BEGIN
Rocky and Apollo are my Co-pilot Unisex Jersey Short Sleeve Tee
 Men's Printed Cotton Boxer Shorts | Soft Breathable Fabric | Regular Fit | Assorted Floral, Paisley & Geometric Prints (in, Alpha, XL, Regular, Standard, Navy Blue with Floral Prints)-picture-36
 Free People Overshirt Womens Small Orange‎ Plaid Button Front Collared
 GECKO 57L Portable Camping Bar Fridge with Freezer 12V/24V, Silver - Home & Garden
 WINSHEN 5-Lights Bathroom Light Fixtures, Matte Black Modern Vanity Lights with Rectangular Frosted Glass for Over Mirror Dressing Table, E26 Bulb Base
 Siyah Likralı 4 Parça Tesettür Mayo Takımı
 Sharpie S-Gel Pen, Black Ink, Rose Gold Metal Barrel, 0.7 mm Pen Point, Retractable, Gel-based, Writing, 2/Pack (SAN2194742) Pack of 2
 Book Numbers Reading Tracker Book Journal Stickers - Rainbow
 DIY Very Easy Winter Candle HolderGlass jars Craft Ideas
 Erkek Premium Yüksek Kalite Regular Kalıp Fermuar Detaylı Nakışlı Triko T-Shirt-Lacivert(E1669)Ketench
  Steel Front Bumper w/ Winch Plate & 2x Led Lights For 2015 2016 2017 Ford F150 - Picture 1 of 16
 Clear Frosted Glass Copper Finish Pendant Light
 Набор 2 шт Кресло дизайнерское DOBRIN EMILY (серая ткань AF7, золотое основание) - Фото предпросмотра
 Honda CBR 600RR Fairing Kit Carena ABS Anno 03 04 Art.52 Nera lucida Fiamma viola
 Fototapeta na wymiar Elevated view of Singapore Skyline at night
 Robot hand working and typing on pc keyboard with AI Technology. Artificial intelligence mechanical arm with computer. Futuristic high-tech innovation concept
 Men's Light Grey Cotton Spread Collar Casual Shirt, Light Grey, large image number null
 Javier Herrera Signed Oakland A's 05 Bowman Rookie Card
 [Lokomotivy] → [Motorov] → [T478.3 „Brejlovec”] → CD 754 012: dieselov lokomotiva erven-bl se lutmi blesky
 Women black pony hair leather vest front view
END
▸ **What to work on**
From the data above, copy each line with the string "Frosted" in it.

▸ **Solution to the exercise**
 WINSHEN 5-Lights Bathroom Light Fixtures, Matte Black Modern Vanity Lights with Rectangular Frosted Glass for Over Mirror Dressing Table, E26 Bulb Base
 Clear Frosted Glass Copper Finish Pendant Light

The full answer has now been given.